- **Work task**
Take the entries that follow and return exactly the lines from the one holding "A bonus for" through the one holding "Kitap ikonu vektör", both included. Nothing else is needed.

- **Source data**
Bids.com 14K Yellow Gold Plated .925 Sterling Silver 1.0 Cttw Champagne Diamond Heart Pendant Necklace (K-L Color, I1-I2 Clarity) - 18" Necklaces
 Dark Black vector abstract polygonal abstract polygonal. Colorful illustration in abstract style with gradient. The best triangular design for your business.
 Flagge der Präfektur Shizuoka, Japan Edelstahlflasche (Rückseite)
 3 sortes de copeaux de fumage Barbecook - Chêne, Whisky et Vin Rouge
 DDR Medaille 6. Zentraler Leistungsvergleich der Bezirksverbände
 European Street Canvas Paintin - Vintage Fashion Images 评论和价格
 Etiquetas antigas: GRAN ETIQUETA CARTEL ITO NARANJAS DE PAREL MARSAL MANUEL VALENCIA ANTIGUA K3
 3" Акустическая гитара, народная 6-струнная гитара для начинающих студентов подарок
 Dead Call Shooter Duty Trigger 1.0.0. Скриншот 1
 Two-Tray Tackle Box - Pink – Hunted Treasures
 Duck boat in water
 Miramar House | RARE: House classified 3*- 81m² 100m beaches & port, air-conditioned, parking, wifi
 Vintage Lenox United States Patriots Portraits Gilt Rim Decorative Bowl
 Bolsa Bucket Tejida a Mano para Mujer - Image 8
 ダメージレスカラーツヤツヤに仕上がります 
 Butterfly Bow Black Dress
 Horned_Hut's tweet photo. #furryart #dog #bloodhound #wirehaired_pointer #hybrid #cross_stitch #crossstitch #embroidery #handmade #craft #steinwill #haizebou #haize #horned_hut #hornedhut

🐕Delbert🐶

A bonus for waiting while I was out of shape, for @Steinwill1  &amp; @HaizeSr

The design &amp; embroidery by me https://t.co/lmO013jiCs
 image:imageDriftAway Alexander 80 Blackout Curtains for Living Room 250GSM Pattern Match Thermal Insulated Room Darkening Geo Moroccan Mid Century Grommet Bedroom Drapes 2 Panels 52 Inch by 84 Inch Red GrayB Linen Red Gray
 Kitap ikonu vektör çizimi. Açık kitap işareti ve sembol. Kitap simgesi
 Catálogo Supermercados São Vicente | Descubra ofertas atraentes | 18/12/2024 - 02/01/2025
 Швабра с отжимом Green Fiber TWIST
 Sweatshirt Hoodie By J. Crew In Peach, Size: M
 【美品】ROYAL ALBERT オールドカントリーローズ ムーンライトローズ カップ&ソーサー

- **Exercise result**
A bonus for waiting while I was out of shape, for @Steinwill1  &amp; @HaizeSr

The design &amp; embroidery by me https://t.co/lmO013jiCs
 image:imageDriftAway Alexander 80 Blackout Curtains for Living Room 250GSM Pattern Match Thermal Insulated Room Darkening Geo Moroccan Mid Century Grommet Bedroom Drapes 2 Panels 52 Inch by 84 Inch Red GrayB Linen Red Gray
 Kitap ikonu vektör çizimi. Açık kitap işareti ve sembol. Kitap simgesi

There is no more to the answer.